Your assignment: Your job is to print, exactly, the lines in the data below from the line with "2-комн квартира проспект" through the line with "Used 2018 Chevrolet Camaro SS RWD image 23", both included, and to omit any picture.

Input material:
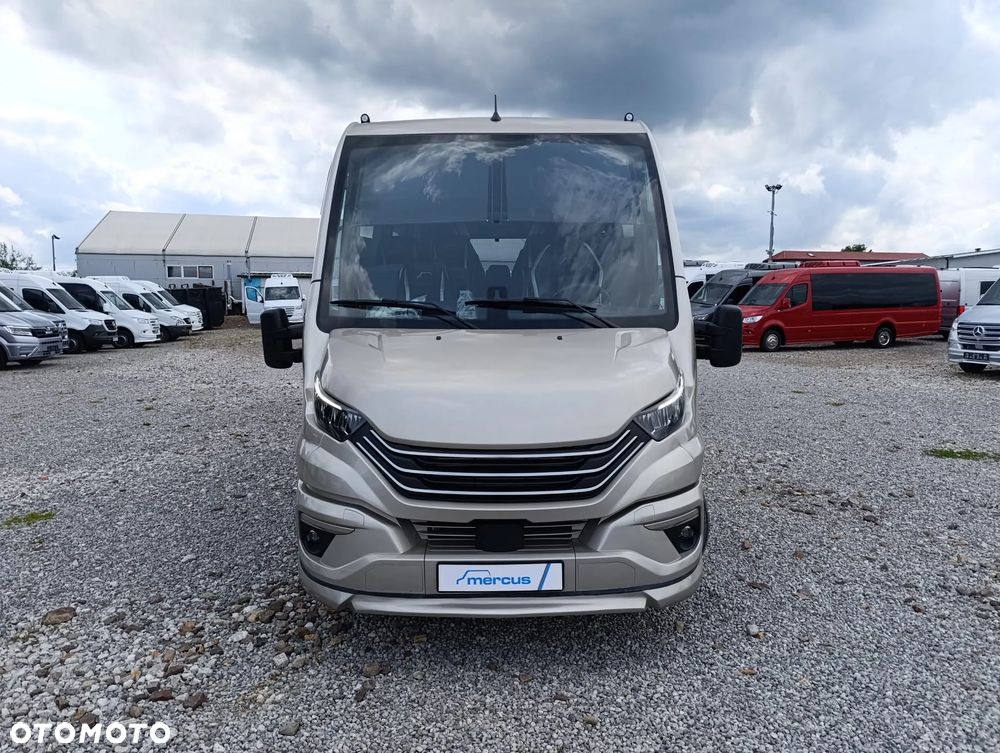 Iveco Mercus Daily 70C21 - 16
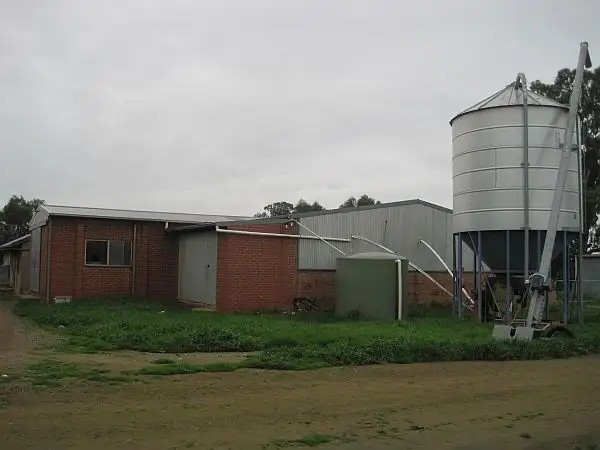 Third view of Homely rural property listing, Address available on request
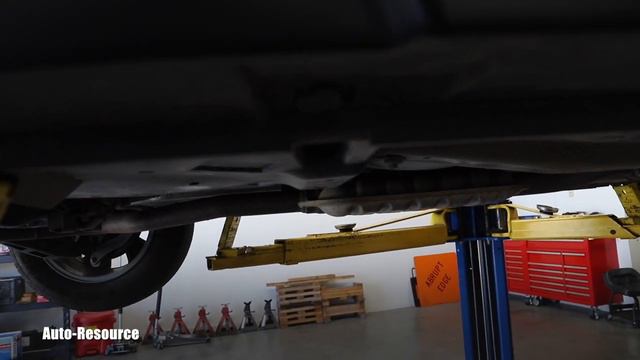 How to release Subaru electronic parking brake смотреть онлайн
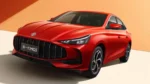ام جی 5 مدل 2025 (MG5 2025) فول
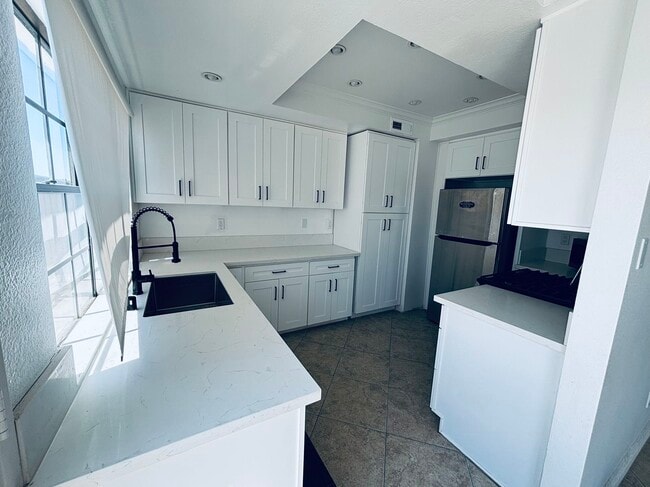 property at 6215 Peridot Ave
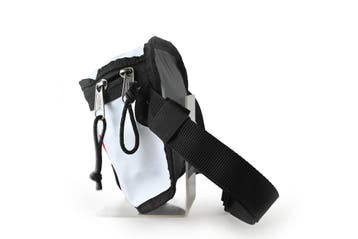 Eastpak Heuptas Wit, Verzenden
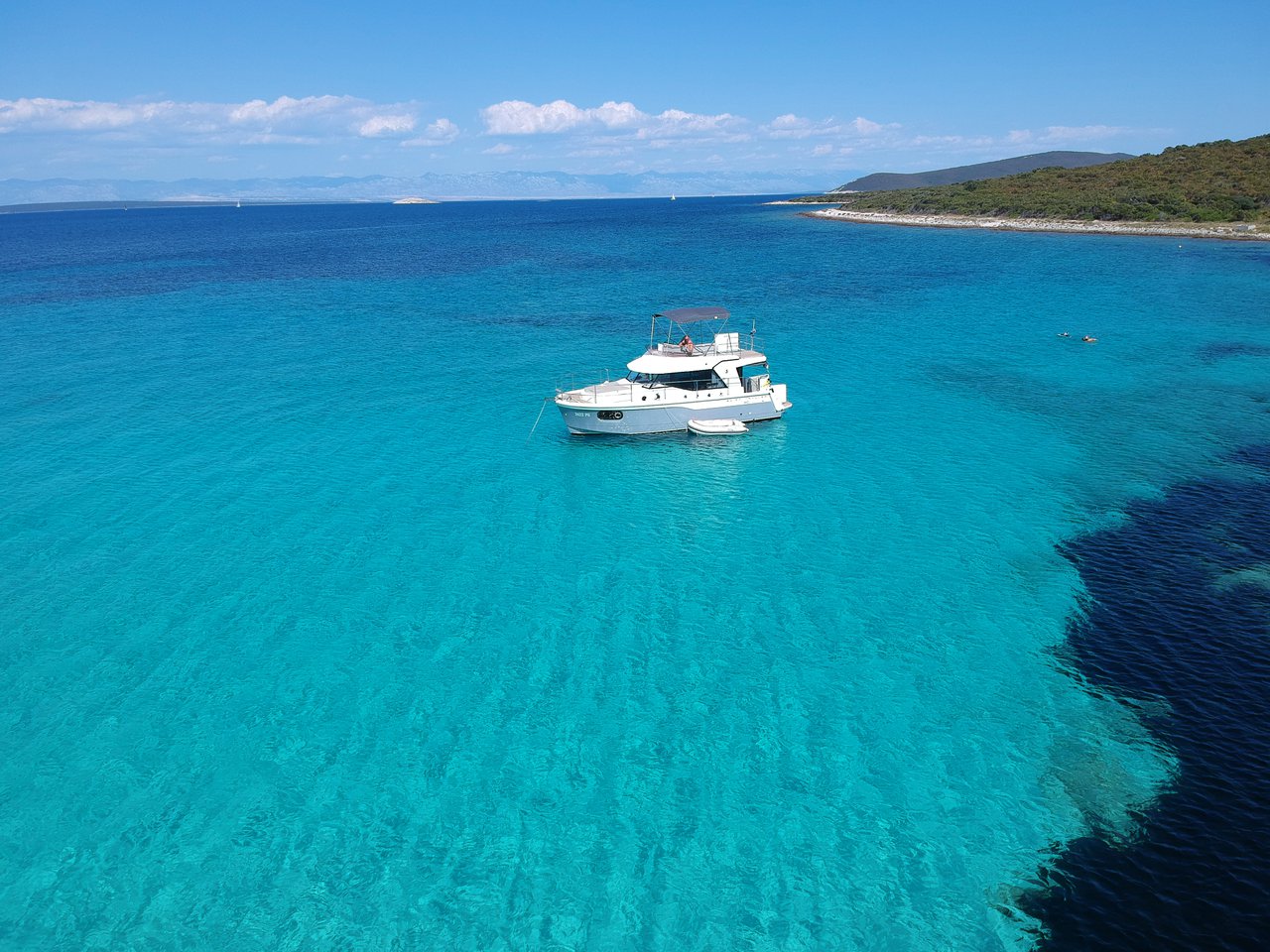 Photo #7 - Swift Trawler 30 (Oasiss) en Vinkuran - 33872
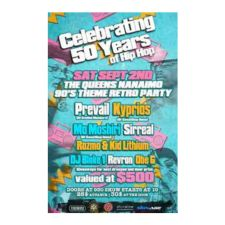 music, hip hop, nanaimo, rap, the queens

--

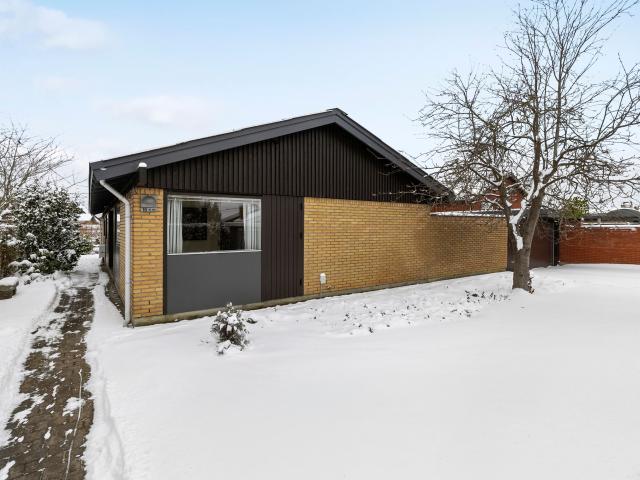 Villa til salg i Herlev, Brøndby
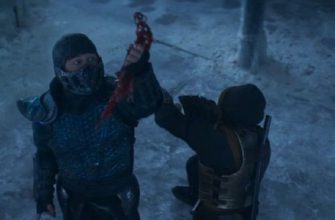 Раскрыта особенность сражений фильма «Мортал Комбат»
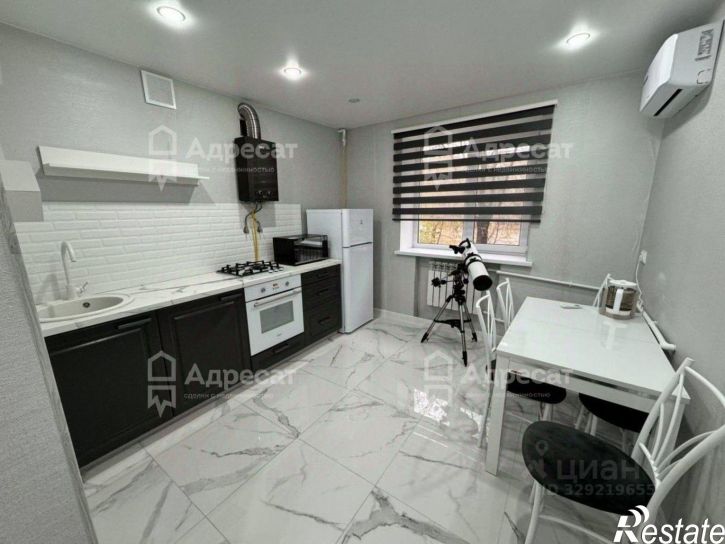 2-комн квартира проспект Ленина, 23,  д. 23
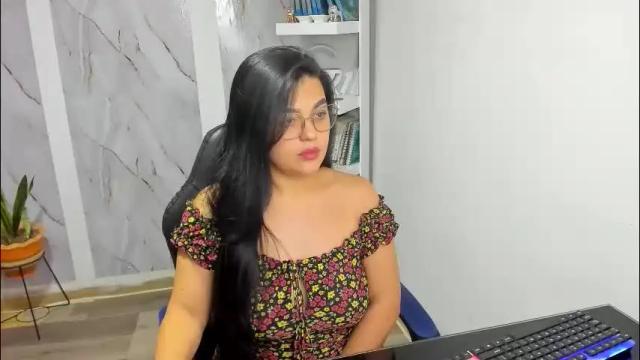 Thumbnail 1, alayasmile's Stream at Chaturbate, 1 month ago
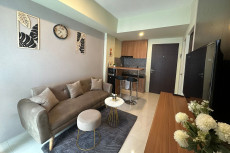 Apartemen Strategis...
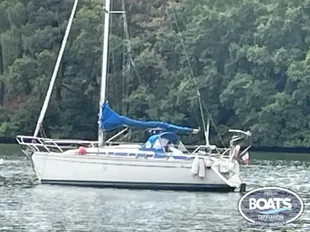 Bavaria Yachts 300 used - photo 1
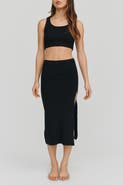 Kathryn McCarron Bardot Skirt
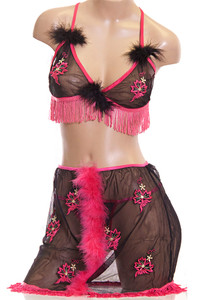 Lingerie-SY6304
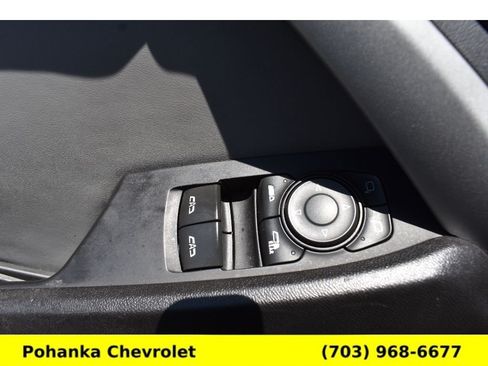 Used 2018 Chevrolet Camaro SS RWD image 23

Solution to the exercise:
 2-комн квартира проспект Ленина, 23,  д. 23
 Thumbnail 1, alayasmile's Stream at Chaturbate, 1 month ago
 Apartemen Strategis...
 Bavaria Yachts 300 used - photo 1
 Kathryn McCarron Bardot Skirt
 Lingerie-SY6304
 Used 2018 Chevrolet Camaro SS RWD image 23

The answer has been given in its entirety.